Saturday, February 10, 2007

Better wear something washable

From a restaurant review in tomorrow's New York Times:
An intermezzo of fromage blanc sorbet with macerated strawberries practically jumped off the table...

Um, I'll have the rice pudding, if it promises to stay where it belongs.

3 comments:

punkinsmom said...

Could that be more pretentious? Does this guy (I'm assuming guy, maybe that's sexist of me) even know what intermezzo means?

Although I will admit to some curiousity at the idea of a fromage blanc sorbet. As long as it didn't actually jump...

ChefNick said...

Gotta say Mark Bittman is a bit of a chump (hmm, I'm not sure if that's bad. I'm a chump too.)

But he was the author of that "No-knead Bread" frenzy a while back.

He sure has an annoying writing style; semicolons and colons everywhere: interspersed with brackets (that's what I grew up calling them though they're called parentheses elsewhere) and dashes--that was a cheap em dash but I'm too lazy to make a real one--but his most glaring fault is the "I" word. "I" thought this . . . "I" did that . . .

Perhaps he's going against the grain of traditional food reviewing (or movie or anything else reviewing) by injecting himself into every sentence, but we don't want to know about him, we want to know about the food.

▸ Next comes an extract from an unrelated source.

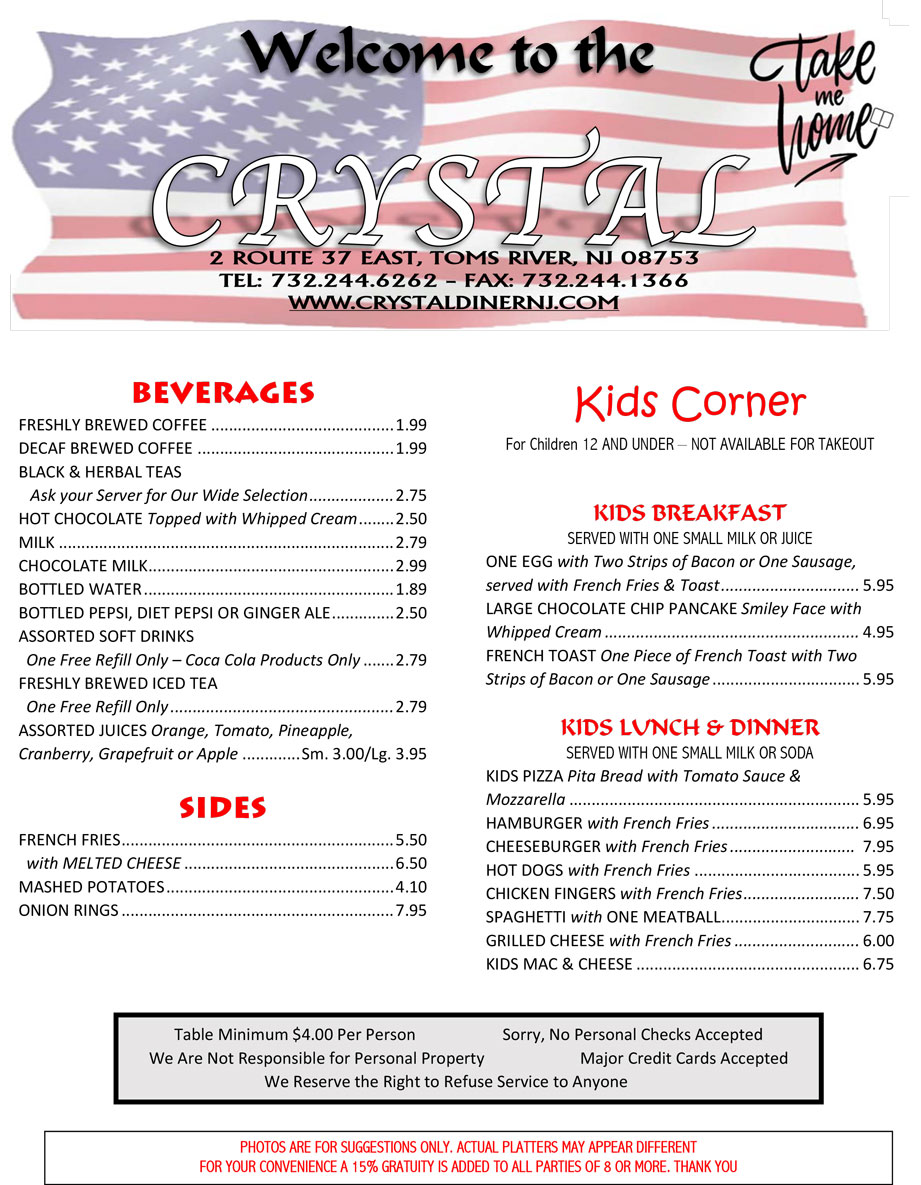 Crystal Diner, Restaurant, Diner, Toms River, New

Kind of like if Dan Rather reported the day's news: "I heard about the stuff in Iraq and I was appalled . . ."

If I want literary devices, I'll go. To. Steven. King.

Jim Donahue said...

There was a NY Times restaurant review by Ruth Reichl (or possibly Gail Greene?) a number of years back that stuck in my head because it was so dopey. I'm slightly paraphrasing, but basically: "The food jumped off the plate and exploded in the mouth."

It was a good review, but I certainly wouldn't want to eat there.